By Jason Buch, SAN ANTONIO EXPRESS-NEWS
January 9, 2015


HOUSTON





DILLEY - About 200 women and children from Central America have been moved into portable housing at a new detention center here being built to deal with the surge of families that crossed the Rio Grande into South Texas last year.


On a state highway west of town, next to the Dolph Briscoe state prison where guards on horseback oversee inmates harvesting spinach and mustard greens, the onetime camp for oil field workers is now a 480-bed detention center for families from El Salvador, Guatemala and Honduras.

By May, U.S. Immigration and Customs Enforcement expects to have the capacity to hold 2,400 people here, making it the largest immigrant detention center in the country.


In the 12 months that ended Sept. 30, Border Patrol agents in the Valley apprehended more than 60,000 immigrants, with some traveling as families, others as unaccompanied children. The vast majority of them came from El Salvador, Guatemala and Honduras - Central American countries suffering from serious economic problems and largely unchecked gang violence.


Surge response

The center, which will cost $290 million to build and operate, helps fill the sudden demand for space caused by the surge, which overwhelmed immigration officers. The U.S. government had all but abandoned family detention until last year - the one immigration holding center in the country that housed families had fewer than 100 beds.

With almost no place to hold people, ICE revamped a second detention center in Karnes County for families and was forced to release thousands of people with orders to appear later at immigration hearings.


With the large new facility, Dilley becomes a focus of the national debate over whether it's appropriate to detain families. Activists say many of these women and children have legitimate asylum claims and will be allowed to stay in the U.S. eventually, and that holding them in a prison-like setting is inhumane.

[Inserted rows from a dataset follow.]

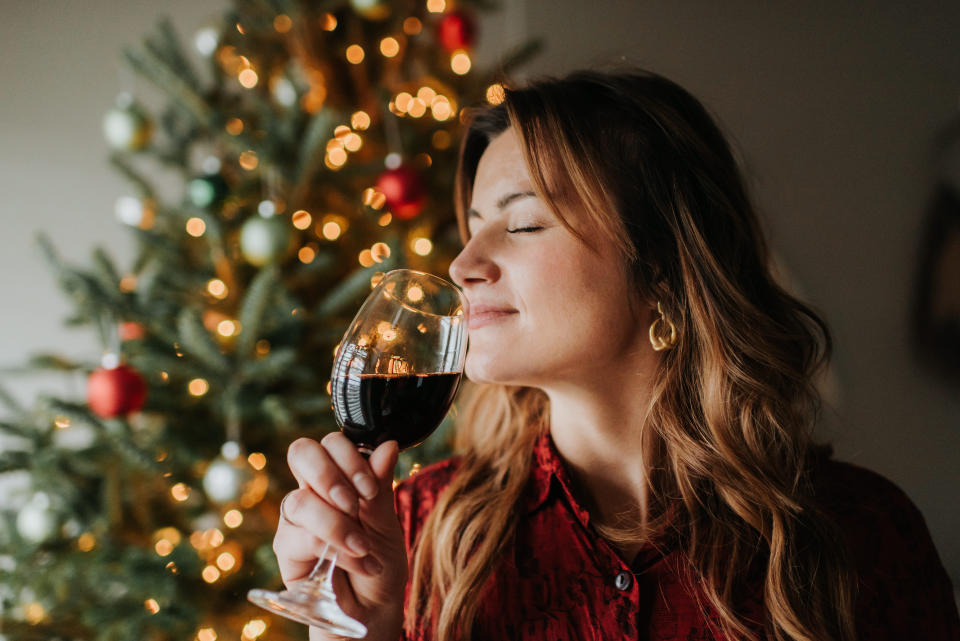 Woman smelling glass of wine beside decorated Christmas tree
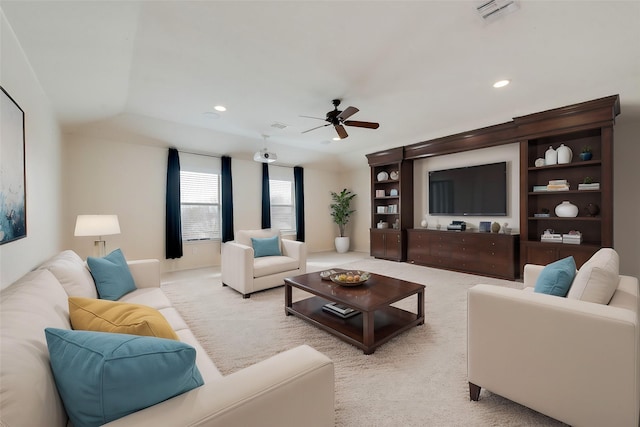 living room featuring ceiling fan and light colored carpet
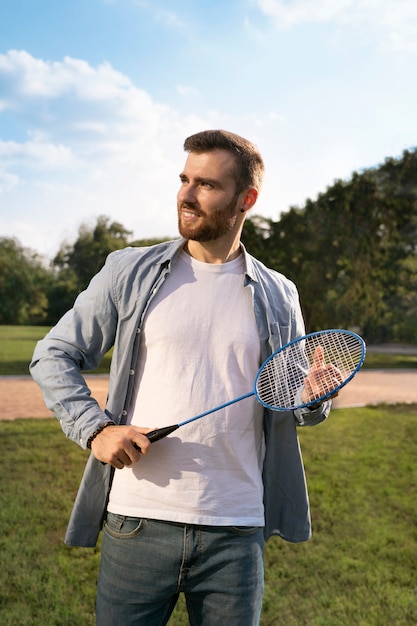 Smiley man holding racket front view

Now, administration officials say, they need to hold women and children from Central America until their court cases are resolved to send a message to those considering coming to the U.S. illegally, even as President Barack Obama takes executive action to give millions who have been in the country illegally for at least five years protection from deportation.


Information, ads

This week, federal officials announced they would begin informational campaigns to teach immigrants in the U.S. illegally about the president's new deferred action program, as well as advertising campaigns in Mexico and Central America warning potential immigrants that the policy won't apply to them.

Congressman Lamar Smith, R-San Antonio, introduced legislation Thursday that would, among other things, prevent the Department of Homeland Security from using fees to carry out the president's deferred action policy and make it easier to quickly deport children back to countries that don't border the U.S.